Xterm.js: Parts of xterm.js should run in a web worker

Created on 15 Jun 2018  路  26Comments  路  Source: xtermjs/xterm.js

I didn't see an issue tracking this yet.

Blocked by https://github.com/xtermjs/xterm.js/issues/1507
Related: https://github.com/xtermjs/xterm.js/issues/444

areperformance typenhancement

All 26 comments

Any drafts/thoughts yet into this direction? From my limited parser centric view it seems the renderer and the data input + parsing are fighting over cpu time so my first wild guess is to move the all core parts (data input + parser + most of the terminal class) into a webworker and let only the DOM related stuff reside in the main thread. This will require some event translation, but thats already part of the new layered proposal. Tricky part will be to get the buffer data moved to the main thread without much runtime delay (SharedArrayBuffer might solve this in the future without a copy but is currently deactivated in all engines due to Spectre, so we gonna have to do it "the hard way").

My thinking is to move core/base into a worker and then ui/base/public runs in the UI thread. How buffer state is synchronized still needs some thinking.

One idea is to maintain the buffer only in the worker, and then have a more renderer friendly view model in the main thread that can be incrementally updated by the worker.

We could also rewrite core in rust as a WebAssembly module, but I think that is out of scope for now 馃槄

One idea is to maintain the buffer only in the worker, and then have a more renderer friendly view model in the main thread that can be incrementally updated by the worker.

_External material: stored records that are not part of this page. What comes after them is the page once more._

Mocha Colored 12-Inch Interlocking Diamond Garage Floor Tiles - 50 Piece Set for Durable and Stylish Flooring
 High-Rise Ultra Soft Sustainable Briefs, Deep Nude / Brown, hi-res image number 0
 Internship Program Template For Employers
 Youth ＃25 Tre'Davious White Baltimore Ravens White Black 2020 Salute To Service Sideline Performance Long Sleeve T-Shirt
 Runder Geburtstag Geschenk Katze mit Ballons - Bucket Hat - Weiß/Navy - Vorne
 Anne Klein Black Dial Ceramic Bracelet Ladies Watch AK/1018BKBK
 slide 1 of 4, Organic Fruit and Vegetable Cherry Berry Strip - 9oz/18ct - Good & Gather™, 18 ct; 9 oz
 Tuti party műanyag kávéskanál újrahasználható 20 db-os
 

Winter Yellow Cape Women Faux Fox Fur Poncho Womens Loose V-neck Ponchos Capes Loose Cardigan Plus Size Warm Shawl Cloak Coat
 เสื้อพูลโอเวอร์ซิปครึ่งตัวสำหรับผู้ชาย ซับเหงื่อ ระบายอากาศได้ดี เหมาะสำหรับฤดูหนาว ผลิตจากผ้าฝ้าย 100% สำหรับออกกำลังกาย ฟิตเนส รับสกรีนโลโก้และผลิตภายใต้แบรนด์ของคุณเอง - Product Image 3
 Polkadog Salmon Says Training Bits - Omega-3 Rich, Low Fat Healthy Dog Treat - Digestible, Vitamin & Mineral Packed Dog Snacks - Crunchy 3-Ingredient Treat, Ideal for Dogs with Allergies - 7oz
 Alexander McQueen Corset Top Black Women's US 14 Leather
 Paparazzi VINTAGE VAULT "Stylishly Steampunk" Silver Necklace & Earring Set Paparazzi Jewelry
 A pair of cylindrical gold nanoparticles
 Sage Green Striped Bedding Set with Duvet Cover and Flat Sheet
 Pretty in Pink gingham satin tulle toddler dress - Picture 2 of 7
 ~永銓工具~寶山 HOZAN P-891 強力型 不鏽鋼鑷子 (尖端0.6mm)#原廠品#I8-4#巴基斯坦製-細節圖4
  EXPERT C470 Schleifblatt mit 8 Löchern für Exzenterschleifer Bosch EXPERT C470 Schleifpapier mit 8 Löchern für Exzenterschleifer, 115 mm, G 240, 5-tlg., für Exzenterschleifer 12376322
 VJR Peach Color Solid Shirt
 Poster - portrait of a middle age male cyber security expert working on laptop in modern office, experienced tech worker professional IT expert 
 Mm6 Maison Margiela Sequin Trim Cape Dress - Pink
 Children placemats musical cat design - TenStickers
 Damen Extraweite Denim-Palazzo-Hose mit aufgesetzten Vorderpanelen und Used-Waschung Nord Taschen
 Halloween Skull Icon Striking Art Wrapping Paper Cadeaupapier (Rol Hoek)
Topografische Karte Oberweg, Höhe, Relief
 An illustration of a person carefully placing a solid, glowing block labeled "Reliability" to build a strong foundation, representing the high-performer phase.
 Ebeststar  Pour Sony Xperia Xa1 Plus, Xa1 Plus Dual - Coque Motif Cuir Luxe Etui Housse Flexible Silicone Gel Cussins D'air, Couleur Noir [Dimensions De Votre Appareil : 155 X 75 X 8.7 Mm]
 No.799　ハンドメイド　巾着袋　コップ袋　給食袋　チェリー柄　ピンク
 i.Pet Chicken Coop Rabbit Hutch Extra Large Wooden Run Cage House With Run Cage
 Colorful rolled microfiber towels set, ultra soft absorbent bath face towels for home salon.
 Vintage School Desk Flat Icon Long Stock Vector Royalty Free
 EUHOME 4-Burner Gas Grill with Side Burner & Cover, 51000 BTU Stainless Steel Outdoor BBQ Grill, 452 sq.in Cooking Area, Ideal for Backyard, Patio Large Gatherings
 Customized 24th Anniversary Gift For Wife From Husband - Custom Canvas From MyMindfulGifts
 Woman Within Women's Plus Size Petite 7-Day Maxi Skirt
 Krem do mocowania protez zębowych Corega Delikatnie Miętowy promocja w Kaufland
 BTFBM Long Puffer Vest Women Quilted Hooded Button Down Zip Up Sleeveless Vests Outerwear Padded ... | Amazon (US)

Yeah that would be my preference, I think monaco needs a more complete view of the buffer though.

We could also rewrite core in rust as a WebAssembly module, but I think that is out of scope for now 馃槄

Yeah, seems like quite the effort to undertake 馃槃. Cleaning up the TS beats this out at least for now imo

I gave this some more thoughs, here's a rough overview of how it could work. The UI could subscribe a view and can specify the amount of rows it wants to see, and also the offset of rows to either top or bottom. The core will than track buffer changes that affect that viewport and emit updates with update instructions. The goal should be that the UI does not need to store any state, it should simply consume the updates and draw / redraw based on them.

screen shot 2018-06-20 at 12 20 04

// subscribe to a new view
const view = terminal.createViewport({ rows: 20, offset: 0, sticky: true });

// listen for view updates and modify the UI accordingly
view.onUpdate((changeDecorations /*changes*/, terminalState /*infos*/) => {

  // TODO: 
  // specify how changeDecorations could look like, maybe like this:
  for (let change of changeDecorations) {
     switch (change.type) {
        case ChangeType.DELETE: {
           // some rows have left the viewport
        }
        case ChangeType.ADD: {
           // some rows have been added to the viewport
        }
        case ChangeType.MODIFY: {
           // exstinig viewport rows have been modified
        }
     }
  }
});

// terminal viewport is scrolled in the UI, update the viewport offset
myViewportElement.addEventListener('wheel', (evt) => {
  // calculate the new offset
  let offset = ...

  // NOTE: this will likely trigger the onUpdate callback if things have changed
  view.setOffset({ offset, sticky: offset > 0 });
})

@mofux Hmm not sure about this - in theory the inner terminal core does not need to hold any data of lines, that are beyond the actual terminal height, to work properly. Only exception to this is resizing, which will occur not very often. Maybe we can turn this into an advantage and only hold the "hot parts" of the buffer in the core and delegate the scrollback data buffering to the renderer? It will need a backpropagation for resize events though. I have not thought deeper into this, just some random thoughts so far for me.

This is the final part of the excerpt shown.